Flow 2: Rule Configuration Update

Admin updates a rule via PUT /api/admin/rate-limit-rules/{ruleId}
Rule is written to DynamoDB (durable config store)
A DynamoDB Stream triggers a Lambda function
Lambda publishes a RuleUpdated event to SNS
All Rate Limit Service instances subscribe to the SNS topic
Each instance updates its local rule cache within seconds
New requests are evaluated against the updated rule

No restart or redeployment needed. Rules propagate in < 10 seconds.

Rate Limiting Algorithms

Algorithm Comparison Table

Algorithm	Accuracy	Memory	Burst Handling	Complexity	Best For
Token Bucket	High	O(1) per client	Allows controlled bursts	Low	General purpose, API gateways
Fixed Window Counter	Medium (boundary burst)	O(1) per client	2x burst at window boundary	Very Low	Simple use cases
Sliding Window Log	Perfect	O(N) per client	No bursts allowed	Medium	When exact accuracy is critical
Sliding Window Counter	High (~99.x%)	O(1) per client	Minimal boundary burst	Medium	Best balance of accuracy and efficiency

Algorithm 1: Token Bucket

How it works:

Each client has a "bucket" that holds up to maxTokens tokens
Tokens are added at a fixed rate: refillRate tokens per second
Each request costs 1 token. If the bucket is empty, the request is rejected.
Tokens accumulate up to maxTokens, allowing short bursts

Example: maxTokens = 10, refillRate = 2/sec

At t=0: bucket has 10 tokens. Client sends 10 requests instantly -- all allowed. Bucket: 0.
At t=1: 2 tokens added. Client can send 2 more. Bucket: 0 after 2 requests.
At t=5: 10 tokens accumulated (capped at max). Client can burst again.

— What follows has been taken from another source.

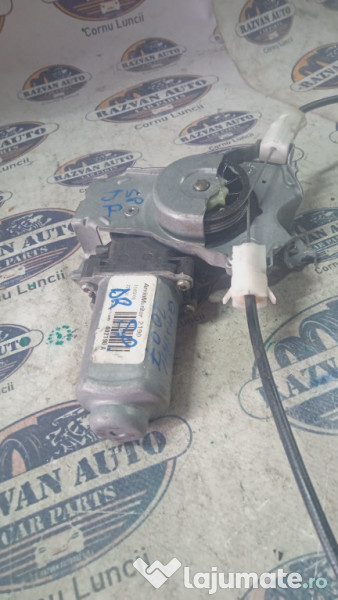 Macara geam dreapta spate Nissan Qashqai 2007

Redis Implementation (Lua script):

lua

-- Token Bucket Rate Limiter
-- KEYS[1] = ratelimit:{clientId}:{endpoint}
-- ARGV[1] = maxTokens, ARGV[2] = refillRate, ARGV[3] = now (unix timestamp ms)

local key = KEYS[1]
local maxTokens = tonumber(ARGV[1])
local refillRate = tonumber(ARGV[2])  -- tokens per second
local now = tonumber(ARGV[3])

local bucket = redis.call('HMGET', key, 'tokens', 'lastRefill')
local tokens = tonumber(bucket[1])
local lastRefill = tonumber(bucket[2])

-- Initialize if first request
if tokens == nil then
    tokens = maxTokens
    lastRefill = now
end

-- Calculate tokens to add since last refill
local elapsed = (now - lastRefill) / 1000  -- convert ms to seconds
local newTokens = math.floor(elapsed * refillRate)
tokens = math.min(maxTokens, tokens + newTokens)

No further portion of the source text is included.